Murphy also noted that while young Americans are far closer to the Democrats on issues, they do not have the same sense of party loyalty that older voters have, which makes mobilization in purely partisan terms more difficult.

“I’m not worried about defections to Republicans,” she said. “Young people are with Democrats on social issues, environmental issues, and role-of-government issues. But they have less loyalty to Democrats as a party. They’re issue Democrats, not partisan Democrats.” And younger progressives “have found other ways to express their activism” beyond electoral politics.

John Della Volpe, director of polling for Harvard’s Institute of Politics and the author of “Fight: How Gen Z is Channeling Their Fear and Passion to Save America,” said that in his research among young Americans on which elements of their identity motivated their voting choices, Republicans tended to emphasize two: their religious faith and the party itself.
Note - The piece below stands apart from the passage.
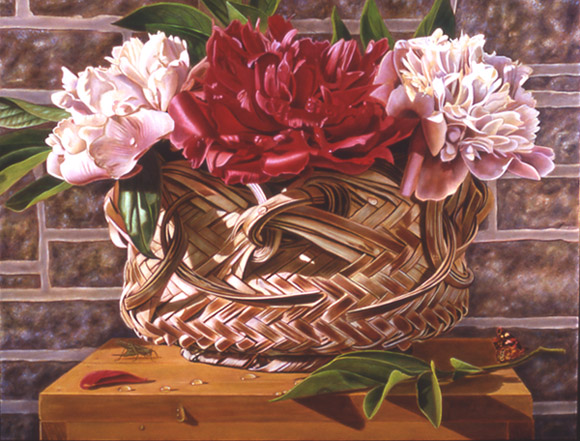 Peonies in a Basket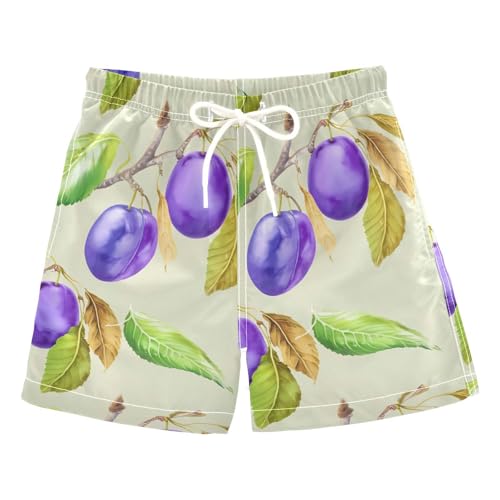 DOMIKING Plum Leaves Beige Kids' Swim Trunks with Mesh Lining Boys Swimsuits with Pockets for Swimming Hiking Quick Dry XS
Younger Democrats offered a far more diffuse list, including gender, race, ethnicity, ideology and sexual identity. “And within these categories, there are subcategories,” he added. “It’s a far more complex basis on which to start a political relationship.”

What can Democrats do? Getting more stuff done would be a start. McElwee’s priorities would be enacting a reconciliation bill that included substantial investments in climate action, followed by student debt forgiveness at the $10,000 level that Biden is leaning toward. Della Volpe, who took leave to consult for the Biden campaign in 2020, also supports student debt forgiveness and suggests that addressing the “lack of options young people have in owning a home” would have appeal among both college and non-college young voters.

But in the end, Murphy said, “the glaring reality of what is at stake” if the Republicans win may prove to be the Democrats’ strongest card, especially if the Supreme Court overturns Roe v Wade. The “idea that Republicans are very extreme,” McElwee said, is widely held among the younger voters Democrats need to bring to the polls.

No doubt some older Democratic officeholders will wax impatient with the impatience of the young. After all, Biden and his party have had to deal with a wall of Republican obstruction, the president has made a big dent in judicial appointments, and he has pursued broadly progressive regulatory policies.

But with their party facing a potential catastrophe this fall, Democrats don’t have the luxury of lecturing their younger supporters on the need for patience. They will either turn them out, or they’ll lose.